Exercise prompt
What is needed here is an exact printout of the data, with no pictures included.
** Source data follows **
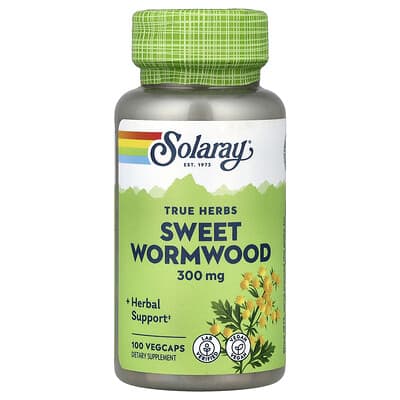 Solaray True Herbs, полынь сладкая, 300 mg, 100 вегетарианских капсул
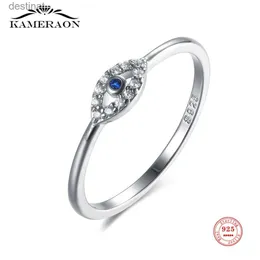 Solitaire Ring Kameraon Evil Eye Rings 925 Sterling Silver Gift for Women Good Luck Blue Stone CZ Luxury Brand Ring Turkey Party Fine JewelryL231220
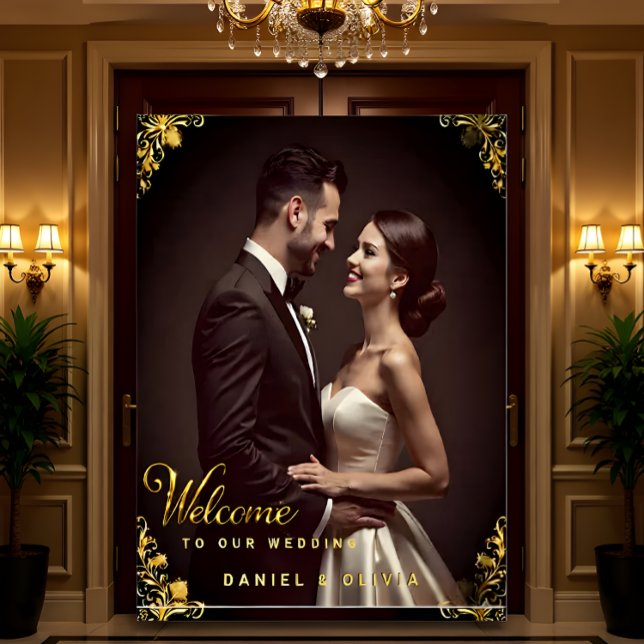 Custom Gold Wedding Welcome Sign with Photo  Acrylschild (Von Creator hochgeladen)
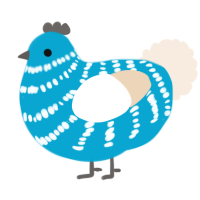 A cerulean and cream chicken with a bar pattern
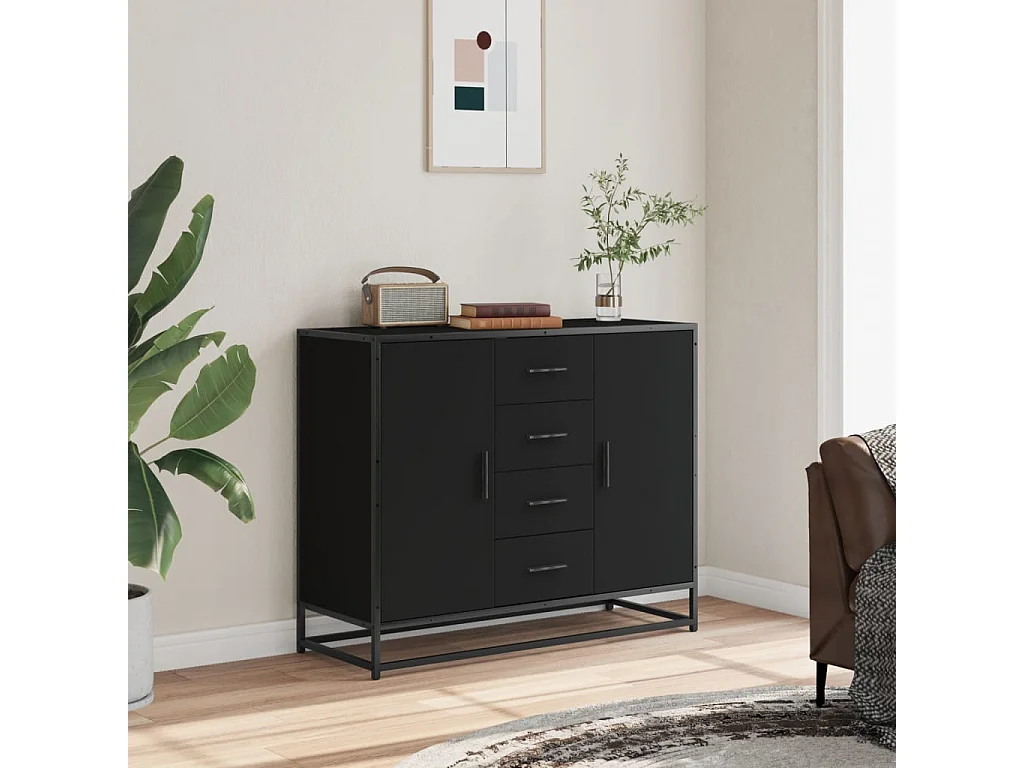 Buffet | Commode à tiroir | Meuble de rangement noir 92x35x76 cm bois d’ingénierie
** End of Source data **
Written reply
 Solaray True Herbs, полынь сладкая, 300 mg, 100 вегетарианских капсул
 Solitaire Ring Kameraon Evil Eye Rings 925 Sterling Silver Gift for Women Good Luck Blue Stone CZ Luxury Brand Ring Turkey Party Fine JewelryL231220
 Custom Gold Wedding Welcome Sign with Photo  Acrylschild (Von Creator hochgeladen)
 A cerulean and cream chicken with a bar pattern
 Buffet | Commode à tiroir | Meuble de rangement noir 92x35x76 cm bois d’ingénierie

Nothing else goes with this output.